Exercise requirements >>
Type out all the data below, word for word.

"""

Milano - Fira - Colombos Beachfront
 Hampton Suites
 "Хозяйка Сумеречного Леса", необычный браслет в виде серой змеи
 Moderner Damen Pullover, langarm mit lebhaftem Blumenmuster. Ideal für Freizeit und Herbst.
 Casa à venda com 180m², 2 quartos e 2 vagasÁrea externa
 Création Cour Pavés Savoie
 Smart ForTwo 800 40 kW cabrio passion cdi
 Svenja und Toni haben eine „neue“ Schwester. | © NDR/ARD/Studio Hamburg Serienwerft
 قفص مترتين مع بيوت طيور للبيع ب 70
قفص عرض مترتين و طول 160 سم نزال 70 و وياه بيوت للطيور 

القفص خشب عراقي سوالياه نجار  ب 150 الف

"""

Answer to this problem >>
Milano - Fira - Colombos Beachfront
 Hampton Suites
 "Хозяйка Сумеречного Леса", необычный браслет в виде серой змеи
 Moderner Damen Pullover, langarm mit lebhaftem Blumenmuster. Ideal für Freizeit und Herbst.
 Casa à venda com 180m², 2 quartos e 2 vagasÁrea externa
 Création Cour Pavés Savoie
 Smart ForTwo 800 40 kW cabrio passion cdi
 Svenja und Toni haben eine „neue“ Schwester. | © NDR/ARD/Studio Hamburg Serienwerft
 قفص مترتين مع بيوت طيور للبيع ب 70
قفص عرض مترتين و طول 160 سم نزال 70 و وياه بيوت للطيور 

القفص خشب عراقي سوالياه نجار  ب 150 الف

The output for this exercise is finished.